As 5:00h da madrugada apareceu o Leandro em sua moto, pouco depois o Elcio e a seguir o Paulo Marinho. O Hilton esperava no portão comendo seu desjejum e partimos para a serra. O Jurandir deveria ter pernoitado no sítio da Bolinha e o Moisés chegaria lá de modo independente. O carnaval de 2012 prometia um calor infernal, mas o Paulo Marinho insistiu em fazer a travessia Ciririca-Graciosa alcançando o Ciririca por cima, via Tucum. Não estamos na estação apropriada para percorrer os campos do Ibitiraquire com cargueiras e desde o início das conversas julguei se tratar de loucura, mas ao amanhecer de sábado estávamos desembarcando no sítio da Bolinha.
    
Avançamos montanha acima com as cargueiras pesando em média 15 quilos em uma manhã abafada, mas suavizada pelo hálito fresco do Ribeirão Samambaia enquanto o Elcio, infinitamente mais leve, disparava na frente para encontrar o Jurandir e o Moisés que deveriam nos esperar no Camapuã. Tudo corria bem até vencer a floresta e despontar na interminável rampa. Para o Leandro era só novidade e pela primeira vez pode avaliar a distância que nos separava do Ciririca e do primeiro pernoite.
   
Passo a passo, sob o sol da manhã, o Camapuã foi vencido e a vista alucinante se mostrou por inteiro. Enquanto o Paulo se entregava ao registro fotográfico, o Hilton e o Leandro seguiam para o Tucum onde duas siluetas acenavam do cume. Ficamos entretidos por ali uns bons 10 minutos e gastamos outro tanto procurando, sem sucesso, a proteção da objetiva que sumiu perdida nos campos.
   
Apesar da aparência intimidadora, a descida até o selado e a subida do Tucum é tranquila e muito rapidamente estávamos todos reunidos novamente. O Elcio encontrou o Moisés no Camapuã e seguiram até o Tucum onde nos aguardaram. Do Jurandir não tinham notícias, mas o Leandro recebeu, por celular, a informação de que sua mãe havia dado entrada num hospital e resolveu abortar a caminhada. Com a falta do Jurandir e a desistência do Leandro foi o Elcio que entrou em parafuso, pois contava com os dois para subir o Cerro Verde e abrir um atalho pela macega até o Taquaripoca. Tentou de todas as formas convencer o Moisés a ajudá-lo na empreitada, mas este prontamente respondeu que desta vez não veio a trabalho e fim de conversa.
   
O Elcio ameaçava desistir, mas por fim o convencemos a nos acompanhar. À distância víamos algumas siluetas acenando e gritando do Camapuã, mas era impossível identificá-las e seguimos em frente descendo lentamente o precipício sudeste sob temperatura em forte elevação. Ao romper da mata no fundo de vale já estávamos suando as bicas sob o ataque de milhares de mutucas, sem a menor brisa numa temperatura sufocante.

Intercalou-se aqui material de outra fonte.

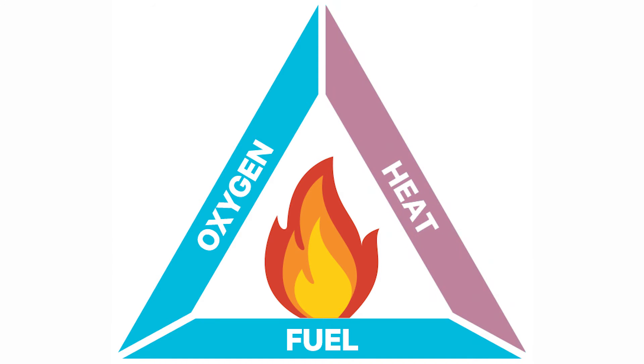Generally, Intrinsically Safe addresses the heat aspect of the fire triangle. Intrinsic Safety is a protection technique that focuses on preventing sparks or hotspots that might ignite a potentially explosive atmosphere, even under improbable fault conditions.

Nas encostas do Taquaripoca ouvimos os chamados do Jurandir que avançava rapidamente em nossa direção. Havia pernoitado em um hotel em Curitiba e pegou carona com a Rossana Weiss e amigos que seguiam para um ataque ao Cerro Verde. O Jurandir é bom companheiro, jamais vai te deixar de mãos abanando e quem ficou feliz foi o Elcio que renovou as esperanças de rasgar a macega na crista do Cotoxós para dormir no Arapongas. Subimos penosamente sob o sol e o Jurandir, o Elcio e o Paulo ainda tiveram ânimo de visitar os Ovos de Dinossauros enquanto os demais faziam uma parada no cume do Luar para reidratar e aproveitar a suave brisa que varria as mutucas para longe.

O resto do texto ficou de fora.